Con Salvador Illa tenemos un problema
El principal contrapunto al modelo de sociedad de Isabel Díaz Ayuso es la propuesta de “prosperidad compartida” del ‘president’ de la Generalitat


El primer biopic sobre Jordi Pujol se titula Parenostre y se estrenará en pocas semanas. La trama principal de la película es la controversia del patriarca, su mujer y tres de sus hijos sobre cuál era la mejor estrategia de defensa para enfrentarse a la revelación periodística de su secreto bancario: las cuentas que la familia tenía en Andorra. Pero hay varios flashbacks para subrayar cuáles fueron los momentos claves de la biografía del president. Uno de ellos es secundario en el guion, pero políticamente fue capital. En 1993, el Felipe González que gobernaba con el apoyo parlamentario de CiU le ofreció a Miquel Roca entrar en el Consejo de Ministros. En el filme, Roca y Pujol lo discuten en un despacho. “La respuesta es que no”, concluye el Pujol que interpreta un Josep María Pou monumental. Los motivos de ese no reiterado durante 20 años fueron múltiples, pero una consecuencia es clara: el nacionalismo catalán se abstuvo de actuar desde los centros de decisión real españoles y priorizó usar su influencia para obtener transferencias y actuar como lobby. Probablemente, porque la aspiración de Pujol era intentar construir ese poder desde la Generalitat; pero a la larga, ya en 1996, esa estrategia ha sido uno de los factores de desempoderamiento catalán.
Durante las últimas décadas el peso económico regional no ha tenido correlación en su presencia en los núcleos de poder vinculados al Estado. La constatación de esta disfunción política, y la voluntad de revertirla, forma parte del programa de gobierno implícito de Salvador Illa. Quedó claro en la conferencia, de escenografía solemne y de tarradellismo 2.0, que el jueves pronunció en el Círculo de Bellas Artes de Madrid. Fue una demostración del poder blando que ha decidido ejercer y el tipo de proyección española que está jugando y ya le es reconocida. La política más astuta de España ―me refiero, obviamente, a Isabel Díaz Ayuso― es consciente de las implicaciones de la alternativa que representa el proyecto catalán de Illa. El jueves mismo, la presidenta de la Comunidad no perdió la oportunidad de hacer nacionalismo cañí en la Asamblea cuando alentó las bajas pasiones al referirse al reparto de los pobres menores inmigrantes y a la vez cargó contra la asistencia de ministros del Gobierno de Sánchez a la conferencia del president de la Generalitat.
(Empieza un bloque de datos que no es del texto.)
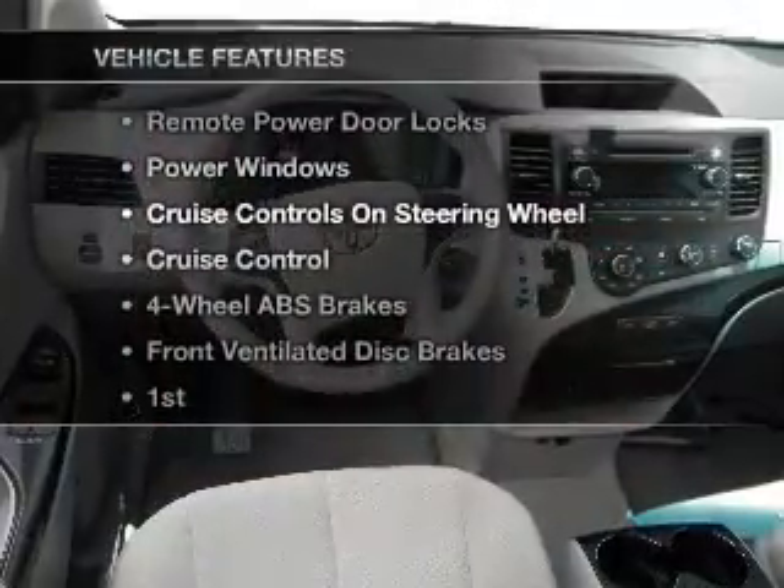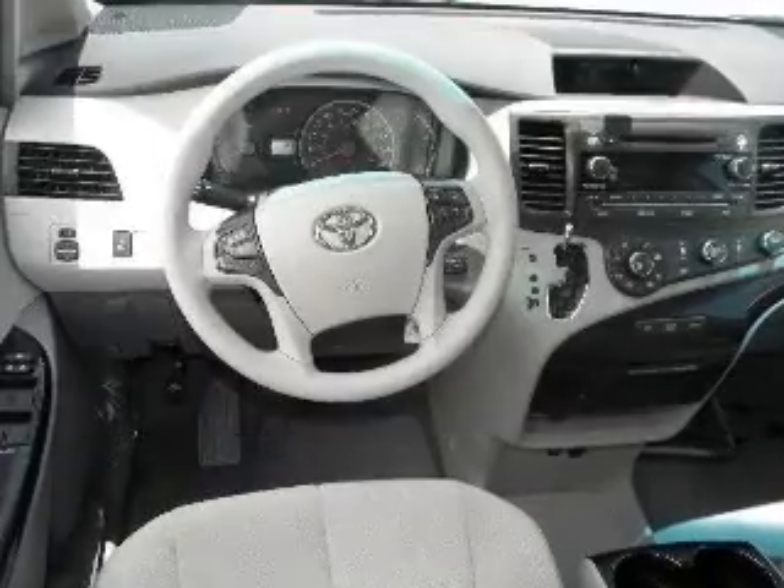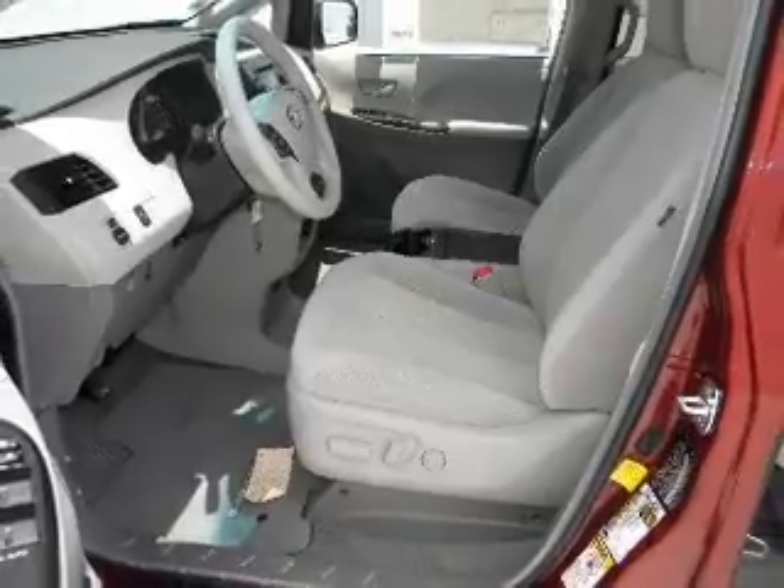Plus, enjoy these notable features that are included in this vehicle: air conditioning, power door locks, power windows, power steering, cruise control, and AM FM stereo with an MP3 player.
Pero tan significativa como esa presencia o la de los presidentes del BBVA, Aena, Enagás o Repsol, lo fue la de viejos rockeros socialistas: Solana, Aranzadi o Solchaga. Existe un hilo de continuidad entre la praxis de Illa y esos veteranos del mejor felipismo que actuaron en su día según los parámetros del socialismo liberal: la conciencia de que sin el aumento de la productividad no puede haber “prosperidad compartida” (para decirlo con la expresión fetiche de la conferencia). En esta idea está el principal y hoy único contrapunto real al ayusismo. Por la inesperada competencia que plantea en el bloque de poder de matriz aznarista, pero sobre todo por algo que está asociado a esa opa: el modelo de sociedad que puede construirse a través de la política y que necesita la recuperación de peso económico. No hay fórmulas mágicas para poder compartir la prosperidad. El mecanismo realmente existente son los impuestos, campo de batalla global de la regresión democrática y única garantía eficiente de cohesión social. Tan solo una cita: “Tenemos muy claro que una fiscalidad justa, unos servicios públicos fuertes y una vivienda accesible son imprescindibles para el dinamismo económico a largo plazo. Por una sencilla razón: una sociedad desigual no es económicamente competitiva a largo plazo”. Con Salvador Illa, dicho con otras palabras, tenemos un problema.